▶ Problem to solve: Among the entries below, extract exactly the lines that run from the one with "Мужская художественная гимнастика: культурный" through the one with "How to make", both ends included.

▶ Dataset records:
....................

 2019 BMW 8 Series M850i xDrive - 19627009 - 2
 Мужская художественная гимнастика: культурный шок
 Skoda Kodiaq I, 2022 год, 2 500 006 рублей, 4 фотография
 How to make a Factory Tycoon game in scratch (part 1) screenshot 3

....................

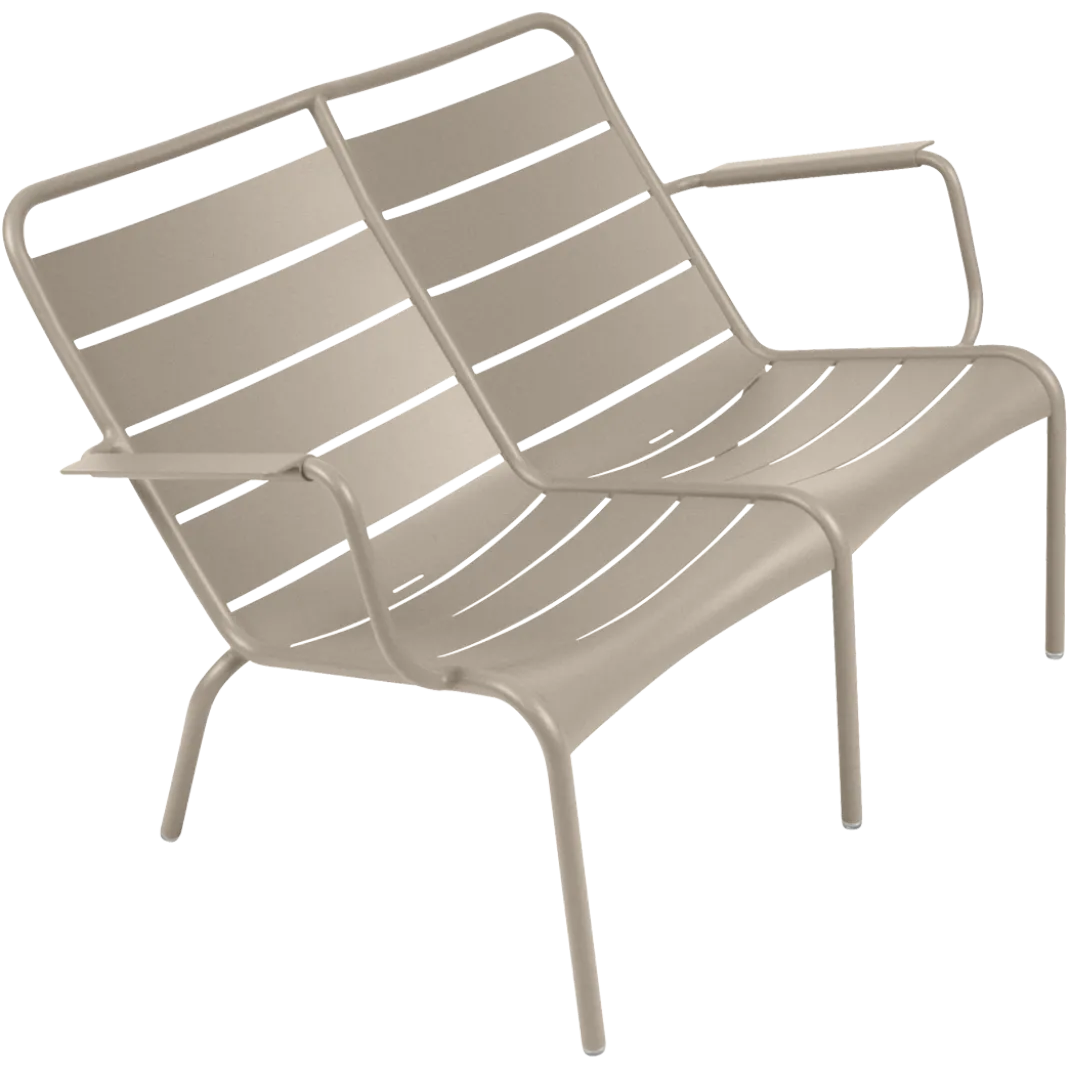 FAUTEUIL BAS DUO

....................

▶ Task answer:
 Мужская художественная гимнастика: культурный шок
 Skoda Kodiaq I, 2022 год, 2 500 006 рублей, 4 фотография
 How to make a Factory Tycoon game in scratch (part 1) screenshot 3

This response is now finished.